Sunday, October 18, 2009

October 18: Pascual Jordan


Pascual Jordan
October 18, 1902 - July 31, 1980

Pascual Jordan was a theoretical and mathematical physicist who made significant contributions to quantum mechanics and quantum field theory. He contributed much to the mathematical form of matrix mechanics, and developed canonical anticommutation relations for fermions. While the Jordan algebra he invented is no longer employed in quantum mechanics, it has found other mathematical applications.

Jordan joined the Nazi party and became a brownshirt, a political affiliation which isolated him within the physics community.

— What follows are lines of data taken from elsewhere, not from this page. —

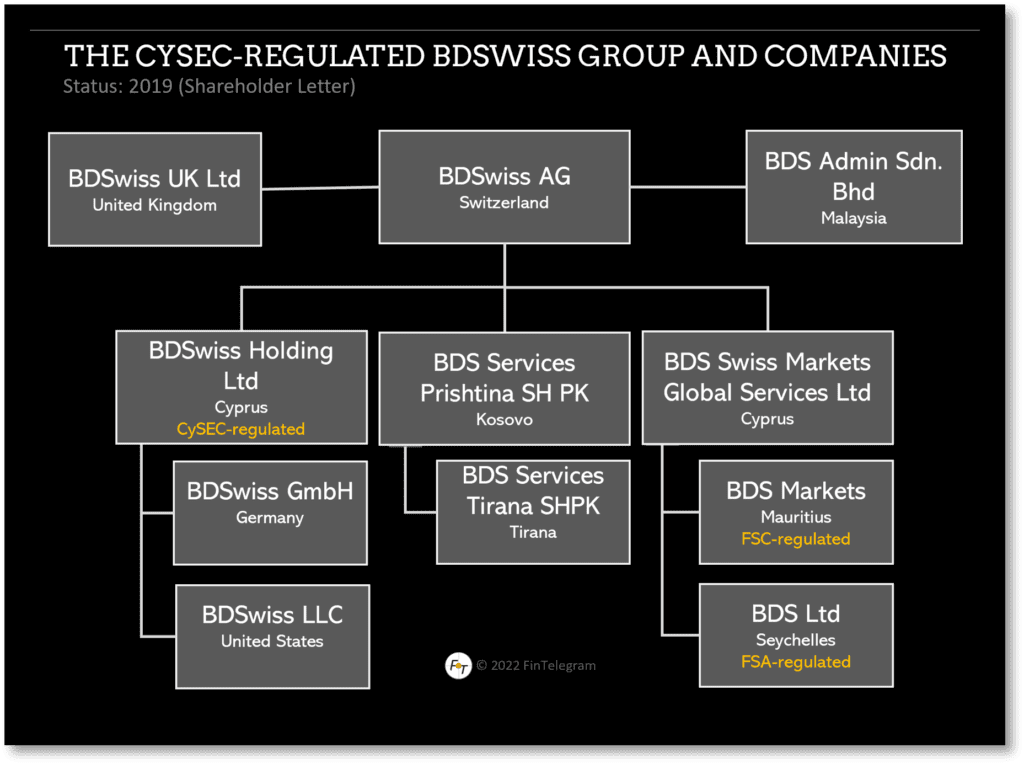 BDSwiss Group and its network of companies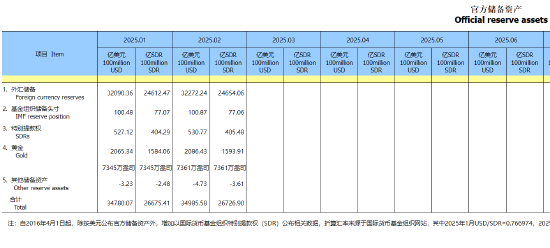 中國央行連續四個月擴大黃金儲備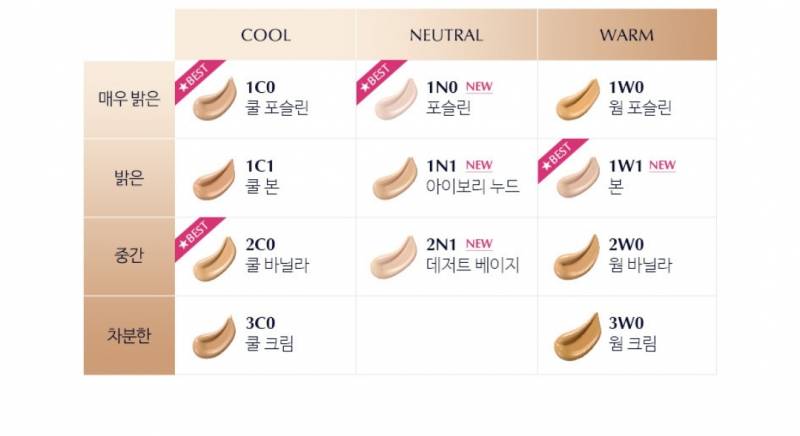 퓨처리스트 색상표 보고 당황하는 중 | 인스티즈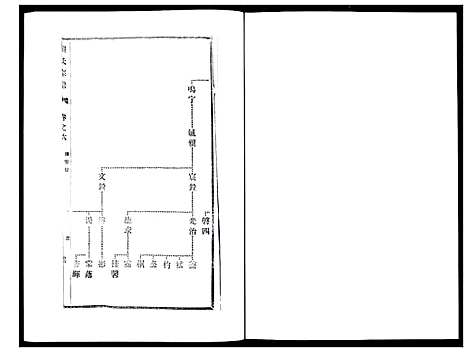 [刘]刘氏宗谱_36卷 (江苏) 刘氏家谱_六.pdf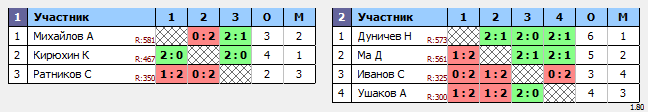 результаты турнира Открытый городской турнир по бадминтону, посвященный Дню молодежи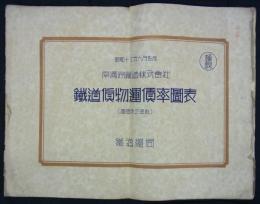 極秘　南満洲鉄道株式会社　鉄道貨物運賃率図表（運賃改正資料）　昭和十三年六月作成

Jordan enrolled in the Hanover Technical University in 1921 where he studied an eclectic mix of zoology, mathematics, and physics. As was typical for a German university student of the time, he shifted his studies to another university before obtaining a degree. Göttingen University, his destination in 1923, was then at the very zenith of its prowess and fame in mathematics and the physical sciences. At Göttingen Jordan became an assistant first to mathematician Richard Courant and then to physicist Max Born.

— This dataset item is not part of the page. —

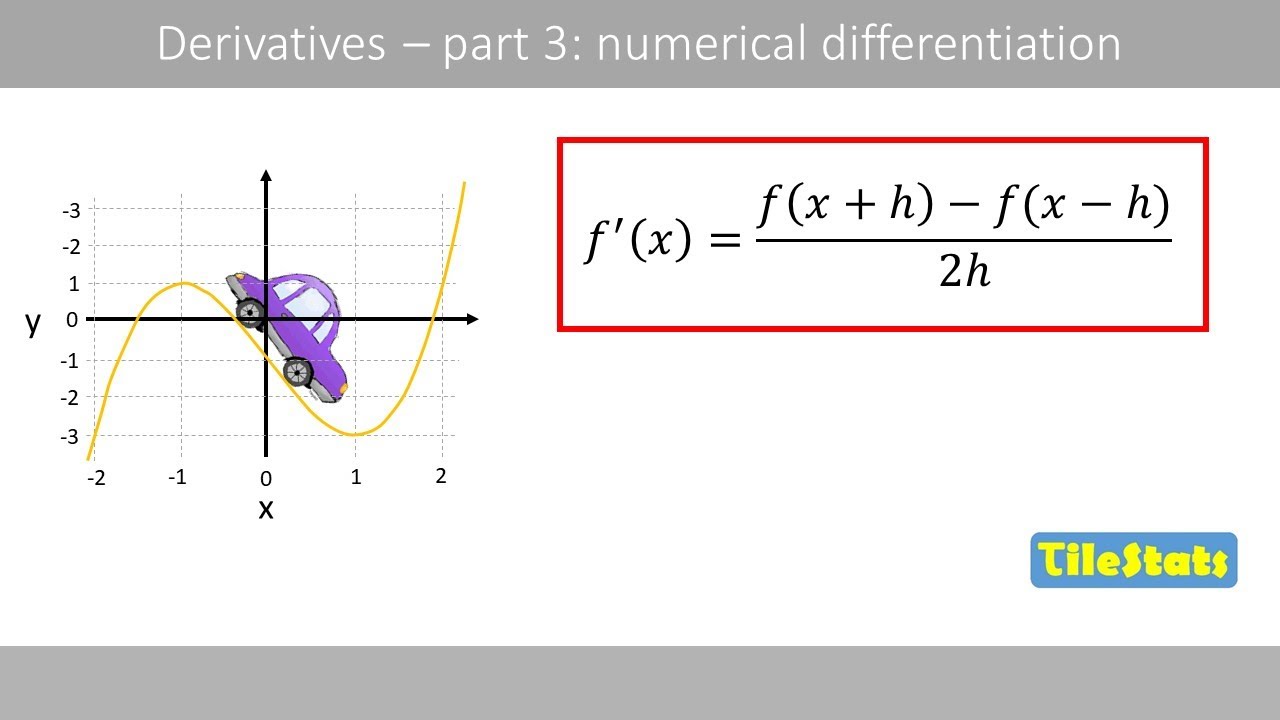 Numerical Differentiation Vs Analytical Differentiation At Dolores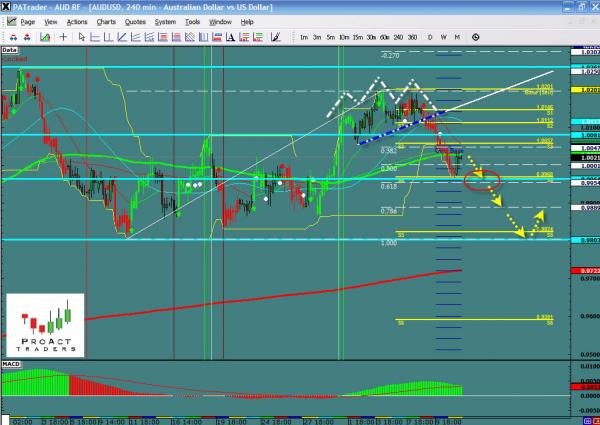 audusd-ws.jpg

Together with Max Born and Werner Heisenberg he was co-author of an important series of papers on quantum mechanics. He went on to pioneer early quantum field theory before largely switching his focus to cosmology before World War II.

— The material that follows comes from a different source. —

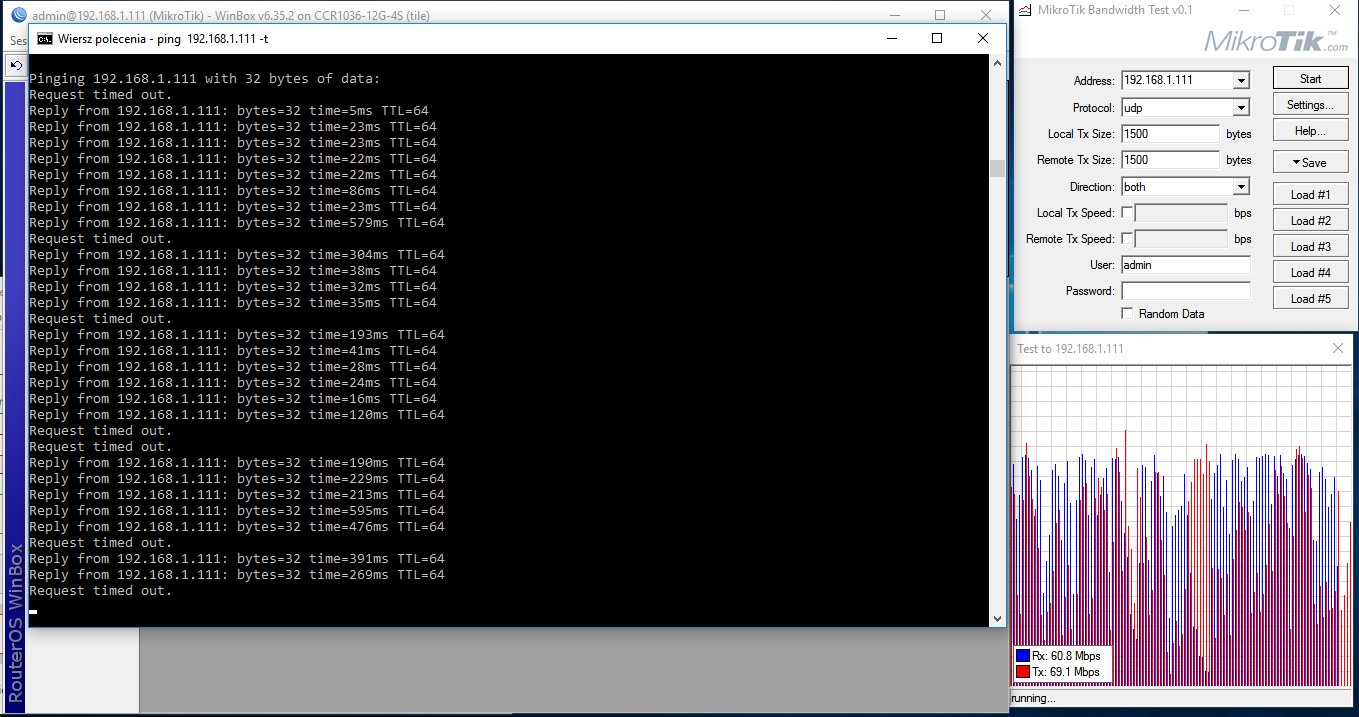 Тестування маршрутизаторів Totolink класу AC1200 або чому варто купити Totolink 3002RU Тестирование маршрутизаторов Totolink класса AC1200 или почему стоит купить Totolink 3002RU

Jordan devised a type of non-associative algebras, now named Jordan algebras in his honor, in an attempt to create an algebra of observables for quantum mechanics and quantum field theory. Today, von Neumann algebras are employed for this purpose. Jordan algebras have since been applied in projective geometry and number theory.

Had Jordan not joined the Nazi party, it is conceivable that he could have shared the 1954 Nobel Prize in Physics awarded to Max Born.